The problem: Exact repetition of a range: find the line containing "La memoria en" and the line containing "Idfc First Bank" in the material below, then repeat both and all lines between them, leaving pictures out.
──────────────────────────────
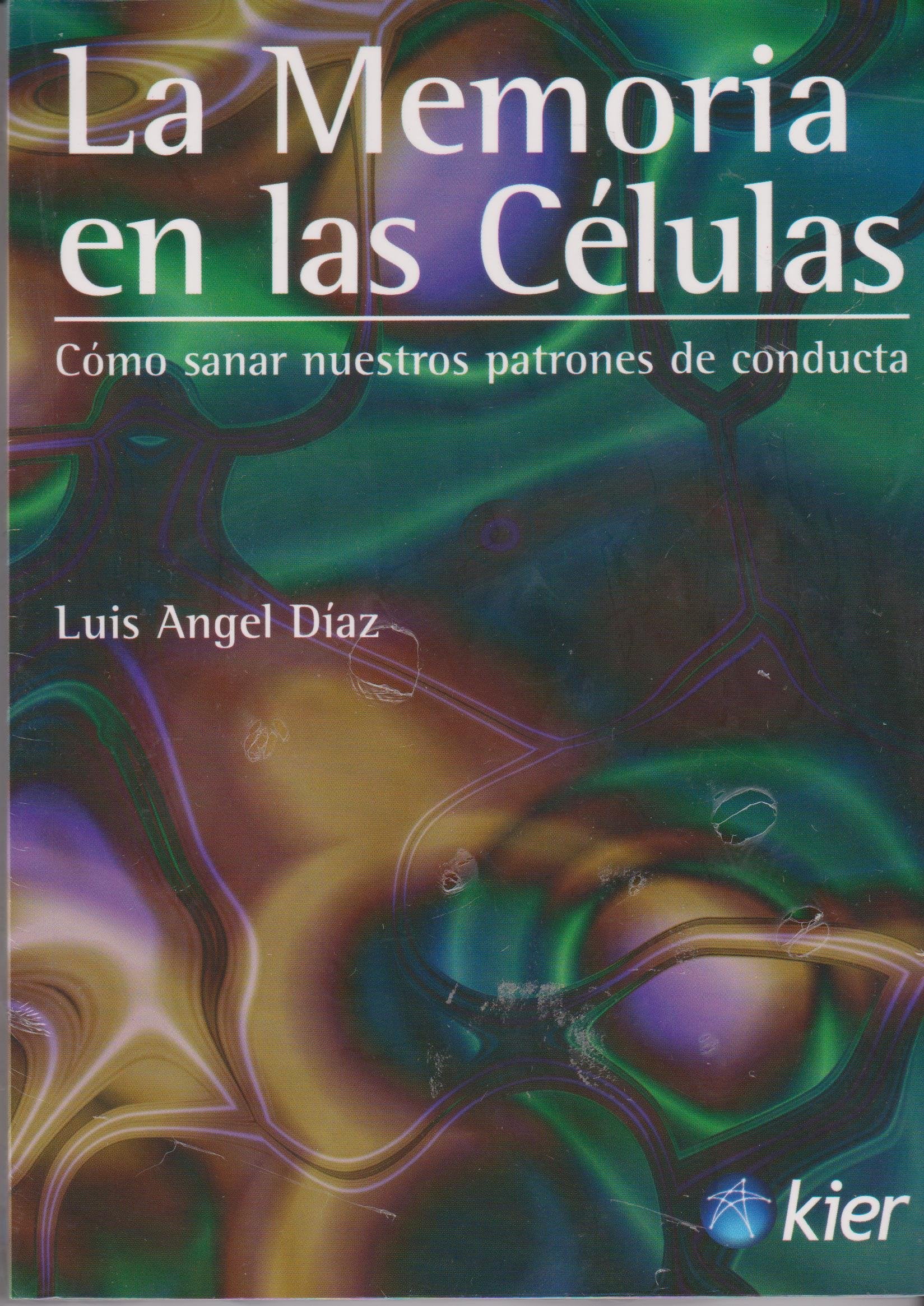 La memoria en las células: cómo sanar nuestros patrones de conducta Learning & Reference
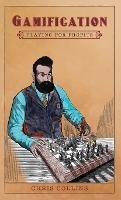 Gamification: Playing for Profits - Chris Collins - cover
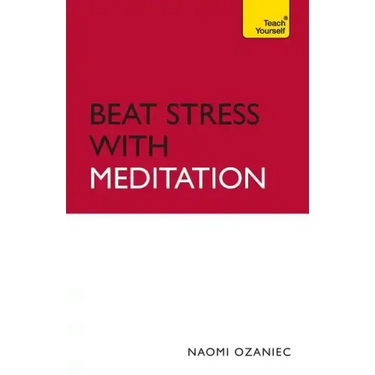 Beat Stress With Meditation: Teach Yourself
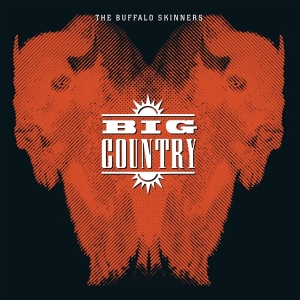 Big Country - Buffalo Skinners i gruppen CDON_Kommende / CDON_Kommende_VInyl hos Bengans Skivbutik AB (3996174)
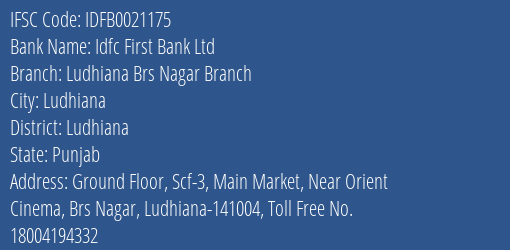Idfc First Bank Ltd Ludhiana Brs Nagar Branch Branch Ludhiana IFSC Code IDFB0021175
──────────────────────────────
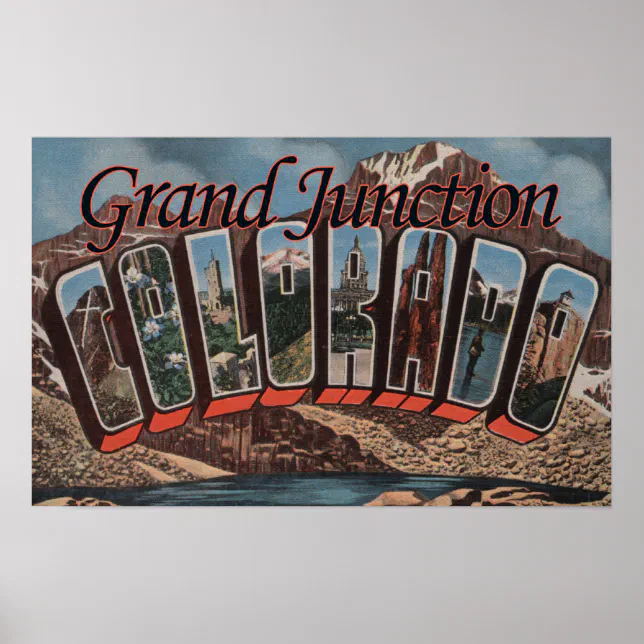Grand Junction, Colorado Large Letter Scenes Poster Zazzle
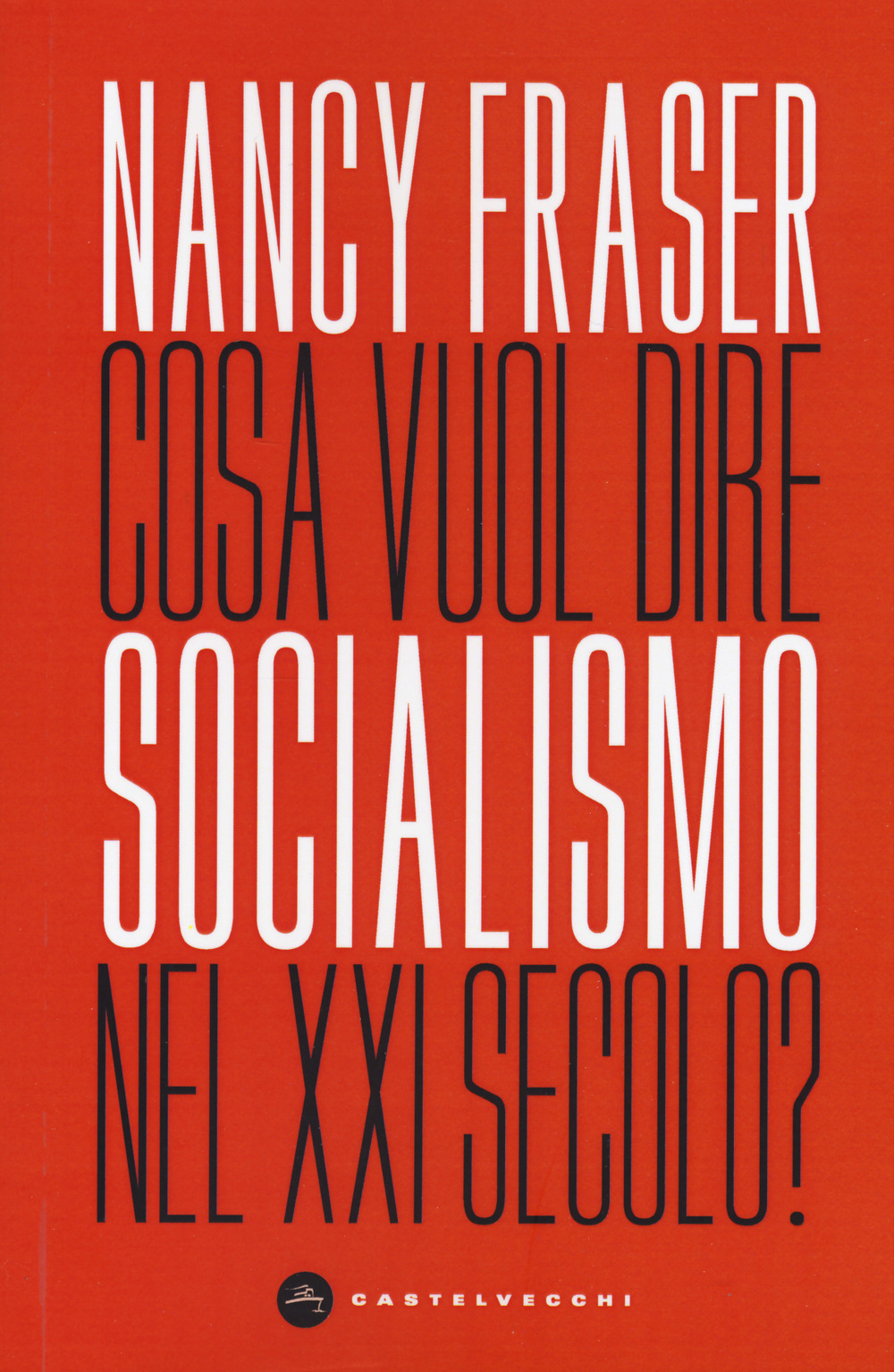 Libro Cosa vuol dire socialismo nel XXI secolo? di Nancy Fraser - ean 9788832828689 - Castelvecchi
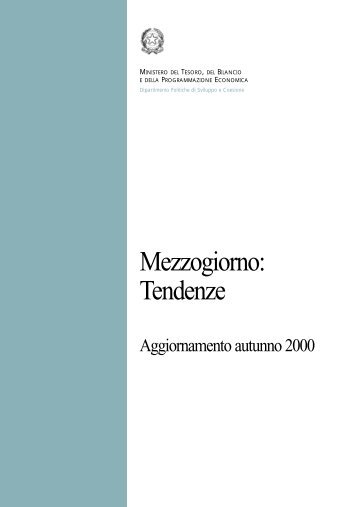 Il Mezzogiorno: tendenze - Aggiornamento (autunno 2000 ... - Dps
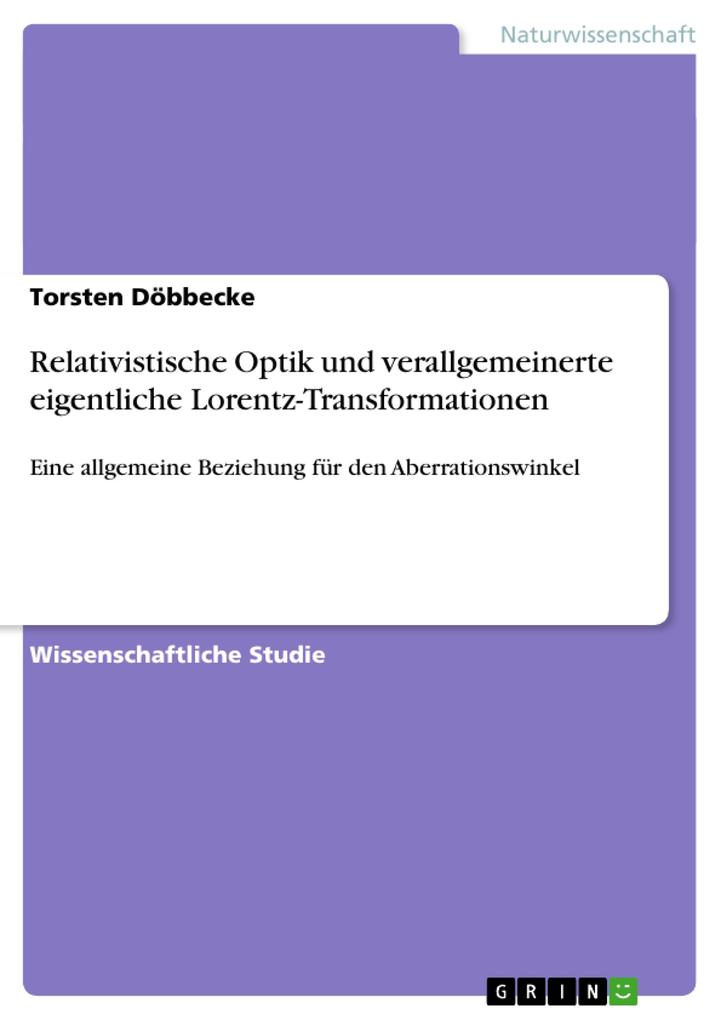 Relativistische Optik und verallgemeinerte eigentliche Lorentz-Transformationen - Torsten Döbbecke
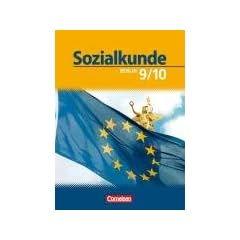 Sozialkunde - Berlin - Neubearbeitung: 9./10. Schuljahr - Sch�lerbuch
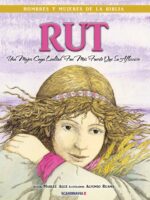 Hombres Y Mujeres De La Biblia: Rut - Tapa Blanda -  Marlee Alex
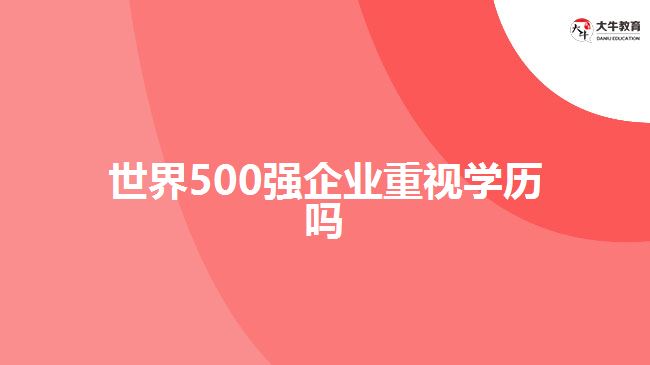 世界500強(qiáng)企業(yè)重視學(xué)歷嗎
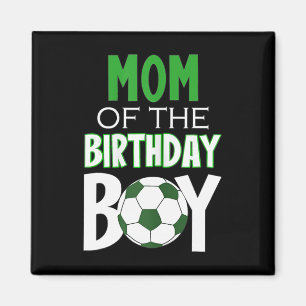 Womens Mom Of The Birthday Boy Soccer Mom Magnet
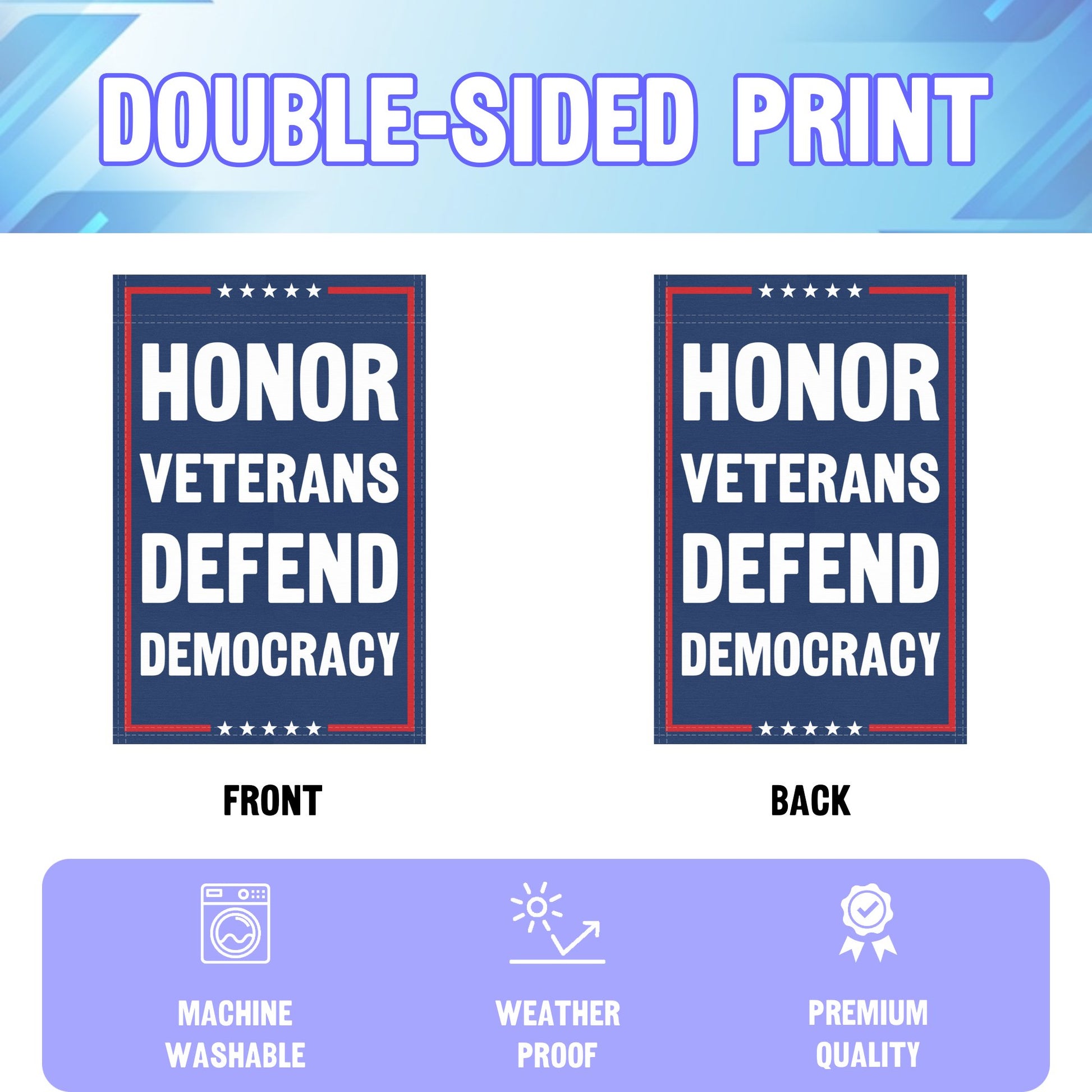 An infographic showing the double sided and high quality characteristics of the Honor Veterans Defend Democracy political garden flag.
──────────────────────────────
Solution to the problem:
 La memoria en las células: cómo sanar nuestros patrones de conducta Learning & Reference
 Gamification: Playing for Profits - Chris Collins - cover
 Beat Stress With Meditation: Teach Yourself
 Big Country - Buffalo Skinners i gruppen CDON_Kommende / CDON_Kommende_VInyl hos Bengans Skivbutik AB (3996174)
Idfc First Bank Ltd Ludhiana Brs Nagar Branch Branch Ludhiana IFSC Code IDFB0021175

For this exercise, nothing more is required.